Sur le plan personnel, les dernières années de Rigaud sont marquées par la disparition d'être proches et d'amis chers. De sa nombreuse parentèle à laquelle il fut toute sa vie si attaché, ne demeurent en 1743 que : Marguerite Charlotte, la fille qu'avait eue son épouse Elisabeth de Gouy, morte elle aussi en 1743 (15 mars, à l'âge de soixante-quinze ans), avec son premier mari, Jean Le Juge ; sa nièce préférée, Marguerite Elisabeth, fille de son frère Gaspard et veuve du peintre Jean Ranc, réfugiée à Paris avec six de ses enfants ; ses nièces Lafita, filles de sa soeur Clara et leur descendance ; enfin, son filleul, le peintre Hyacinthe Collin de Vermont. Tous apparaissent dans l'inventaire à l'occasion de la prisée et de legs.
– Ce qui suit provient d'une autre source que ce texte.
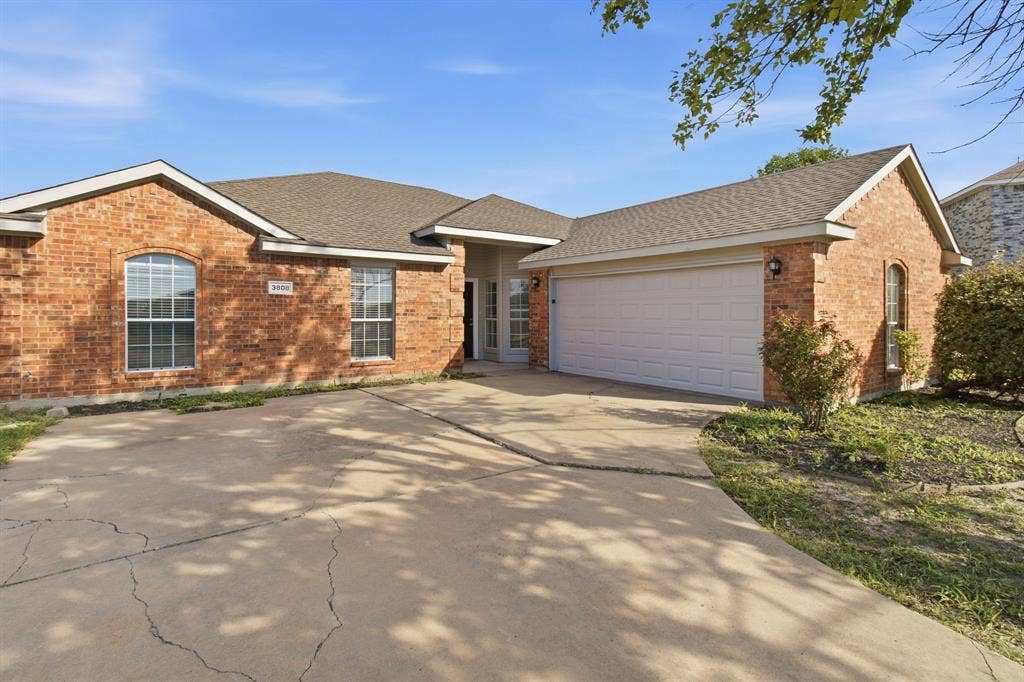 Single-story brick exterior featuring a multi-gabled roofline, concrete driveway, and attached two-car garage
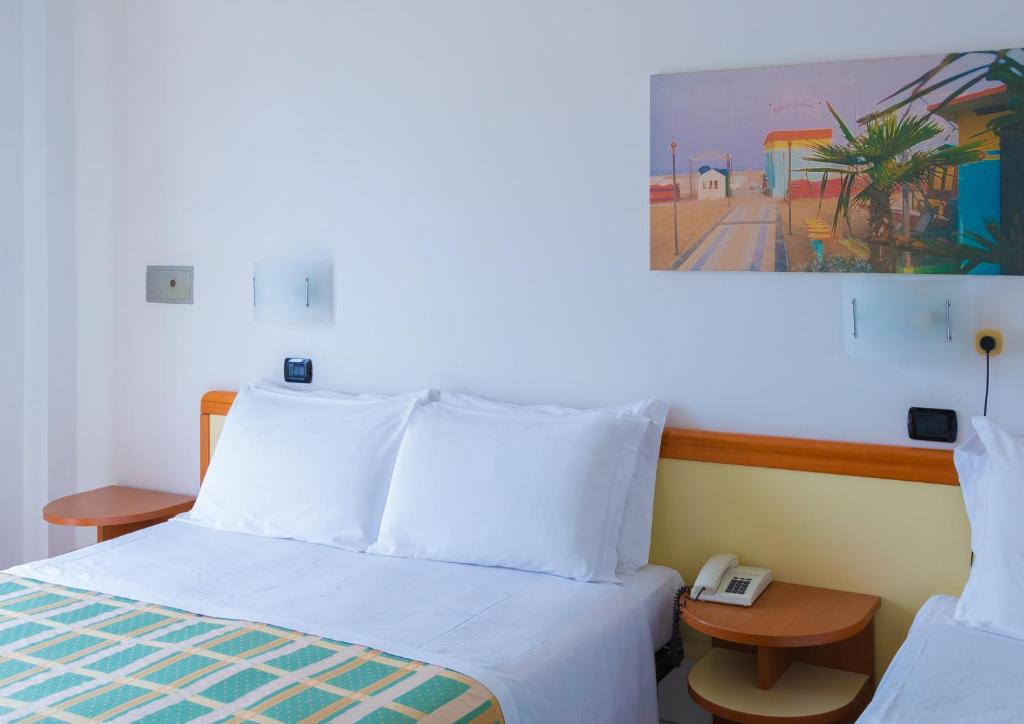 Postel nebo postele na pokoji v ubytování Hotel Sultano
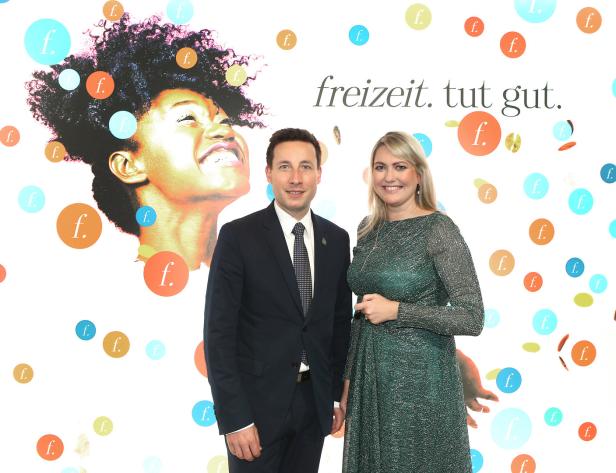 Zwei Personen posieren vor einem Hintergrund mit dem Slogan „freizeit. tut gut.“.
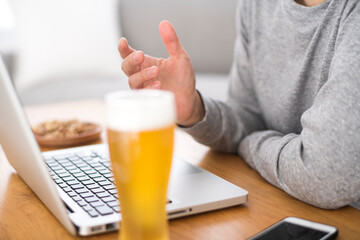 自宅でオンライン飲み会をしている男性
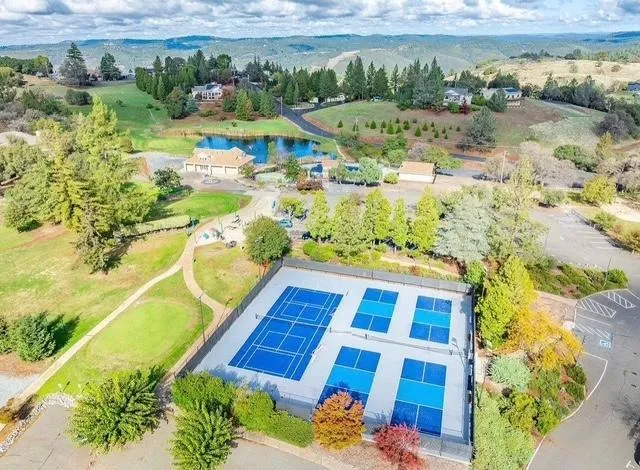 a living room with furniture flat screen tv and couches
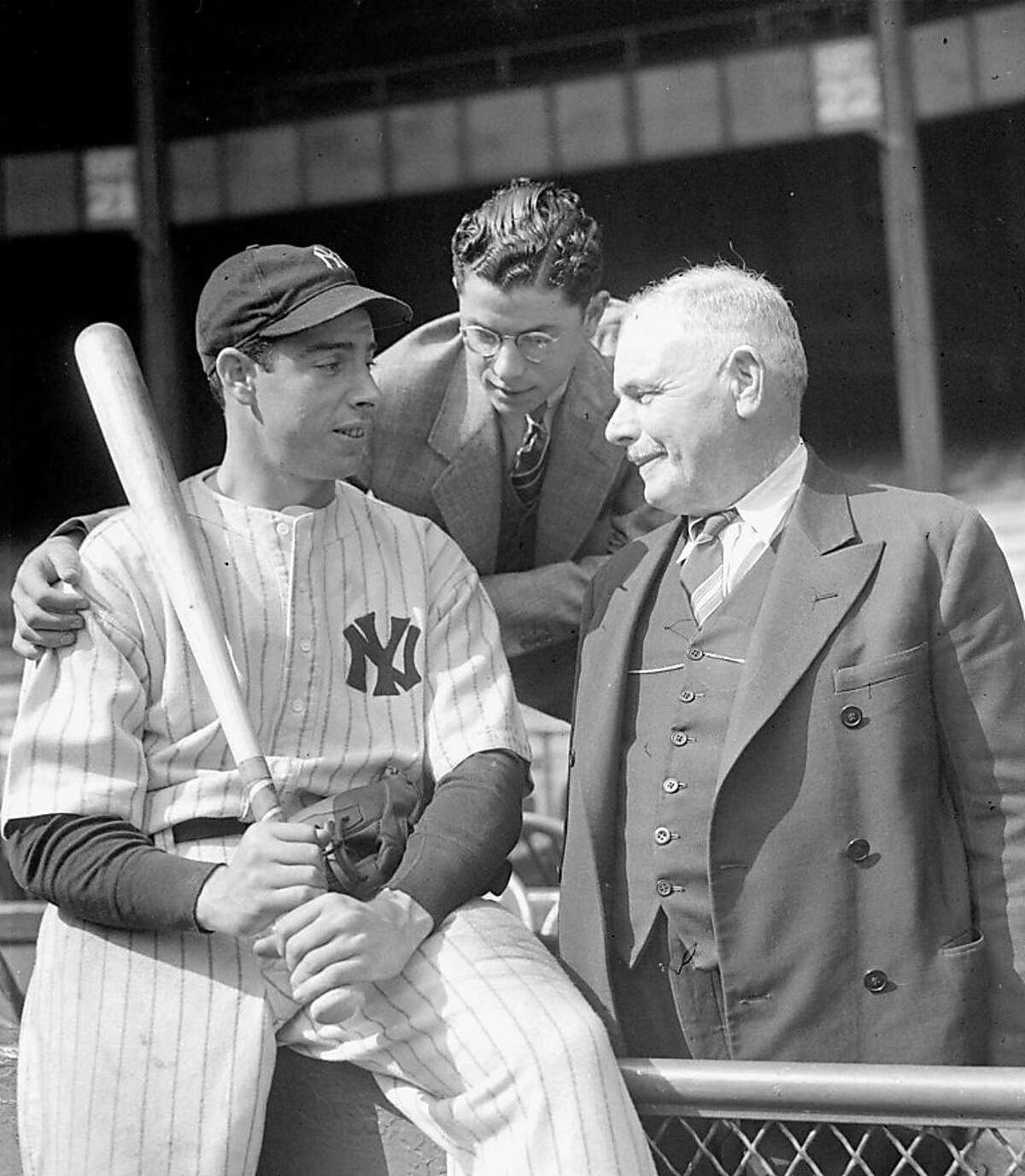 FILE--Joe DiMaggio, New York Yankees center fielder and 1937 home run hitting champ of major league baseball, has the moral support of his brother, Dominic DiMaggio, center, and his father, Joe DiMaggio, Sr., right, for the World Series battle with the New York Giants opening in this Oct. 1937. DiMaggio, the elegant Yankee Clipper whose 56-game hitting streak endures as one of the most remarkable records in baseball or any sport, died Monday, March 8, 1999 at his home in Hollywood, Fla. He was 84.(APPhoto/File ) Ran on: 08-28-2011 In 1936, Dominic DiMaggio (right) decided to try following big brother Joe into pro baseball.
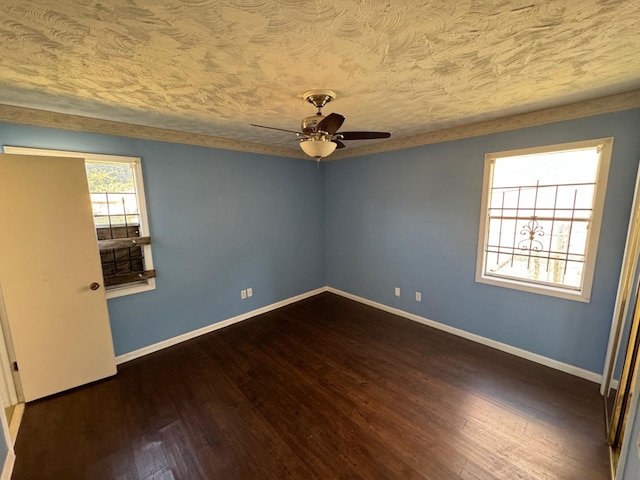 unfurnished room with baseboards, a textured ceiling, dark wood-type flooring, and ceiling fan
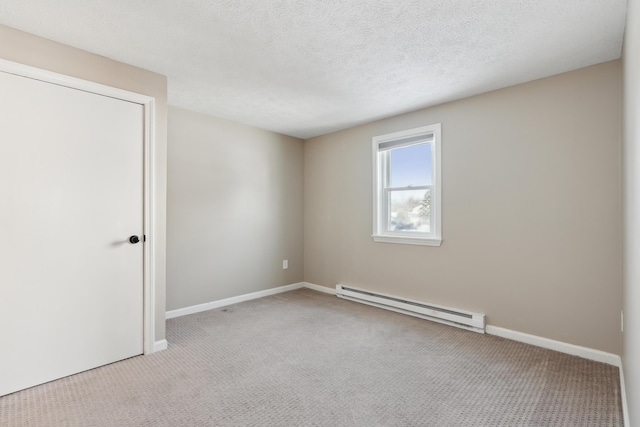 spare room with baseboard heating, light carpet, and a textured ceiling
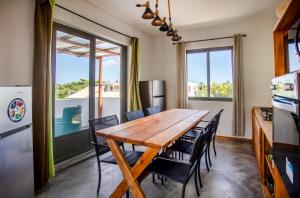 a kitchen and dining room with a wooden table and chairs at Le Morne Base - Stylish, Pool & Rooftop in La Gaulette +60 photos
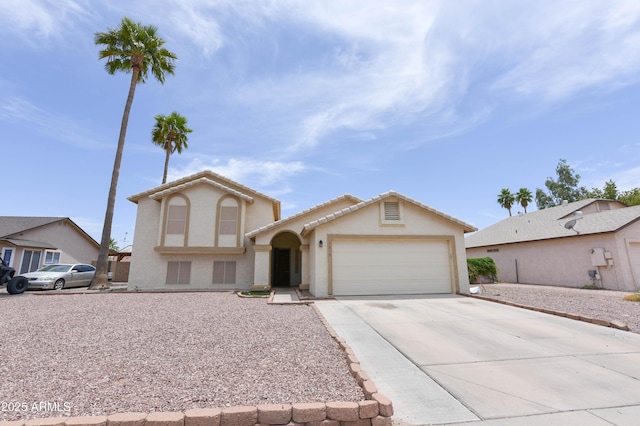 1219 E Avenida Isabela, Casa Grande, AZ 85122 - view of front of house featuring an attached garage, concrete driveway, and stucco siding
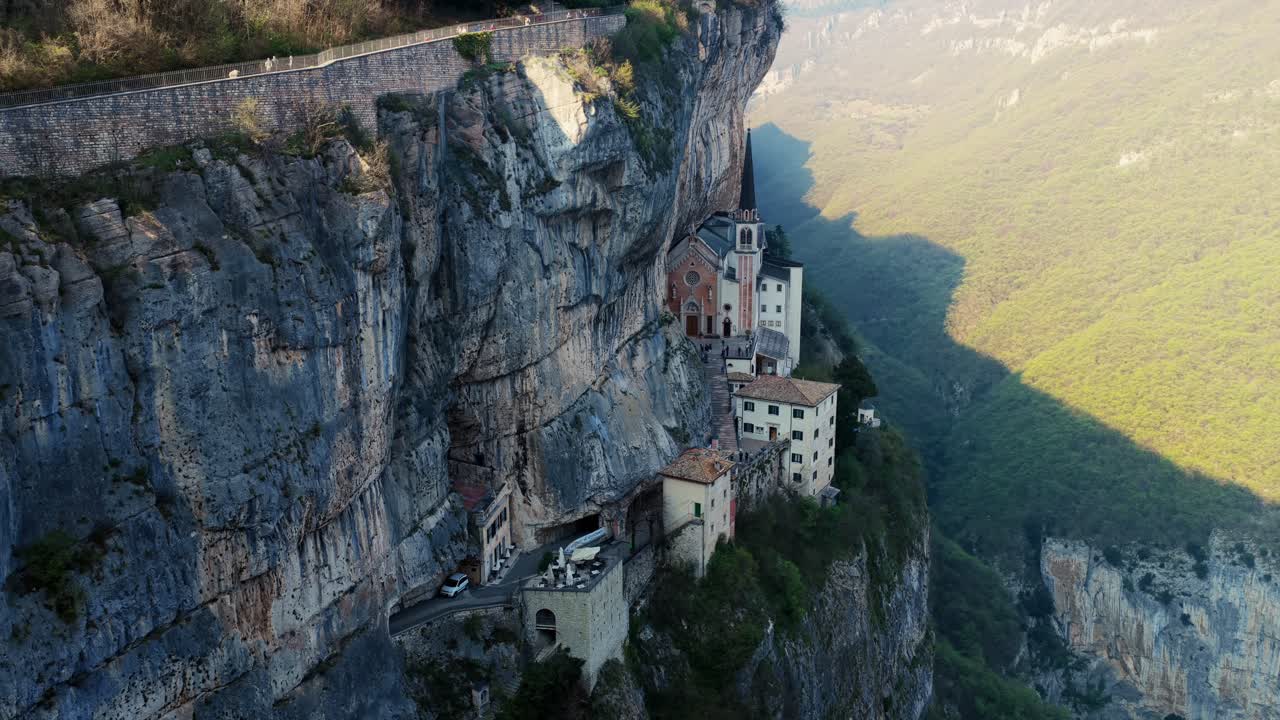 Slow aerial orbit of Church on cliff, Santuario Madonna della Corona, Italy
Le 29 décembre 1743, Hyacinthe Rigaud s'éteint dans son hôtel de la rue Louis-le-Grand ; le 30, son corps est transporté de l'église Saint-Roch en celle des Jacobins de la rue Saint-Honoré, lieu de sa sépulture, en présence de Louis Billeheu, son exécuteur testamentaire et d'Hendrik Van Hulst, historiographe de l'Académie et son plus cher ami.